フリーソフト「BunBackup」を利用した手順を解説

OneDriveのバックアップを停止し、外付けストレージへのバックアップに切り替えるにはいくつかの手順が必要

 Windows 11のバックアップ用ツールとして、標準で「Windowsバックアップ」というアプリがある。これはOneDriveへのバックアップを前提としているが、無料版のOneDriveを利用している場合、使える容量が5GBと少なく、大量のデータがある場合は実用的ではない。

 本稿ではOneDriveのバックアップを停止し、大容量の外付けストレージへのバックアップに切り替える、安定した方法を紹介する。

クラウド課金なしでバックアップしたい?

 OneDriveの無料枠となる5GBの容量は、データの転送や外出先での利用には十分だが、PCデータのバックアップに使うとなると、かなり物足りない。Windows 11でOneDriveのバックアップを有効化したものの、容量不足の表示が出て困っている人もいるのではないだろうか?

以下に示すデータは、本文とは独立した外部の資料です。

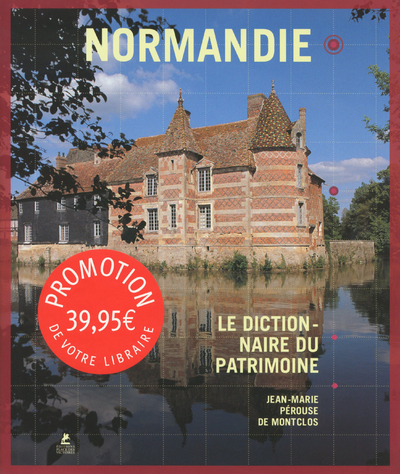 NORMANDIE - LE DICTIONNAIRE DU PATRIMOINE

無料5GBの容量では、足りなくなっている人も少なくないはず

 かといって、バックアップなしで使うというのは、PCの故障や操作ミスなどを考えると、リスクが大きい。そこで検討したいのが、USB接続の外付けストレージ(HDDやSSD)を利用したバックアップだ。

 2025年12月時点では、SSDの価格が値上がりしているため、コスト的に有利かどうかは購入価格次第と言えるが、1TBのSSDで1万円~1万5000円で購入できる。同じく1TBの容量をクラウドストレージで確保しようとすると、月額2000円前後かかることを考えると、1年以上使い続ける想定なら、外付けストレージの方が安く済む計算になる。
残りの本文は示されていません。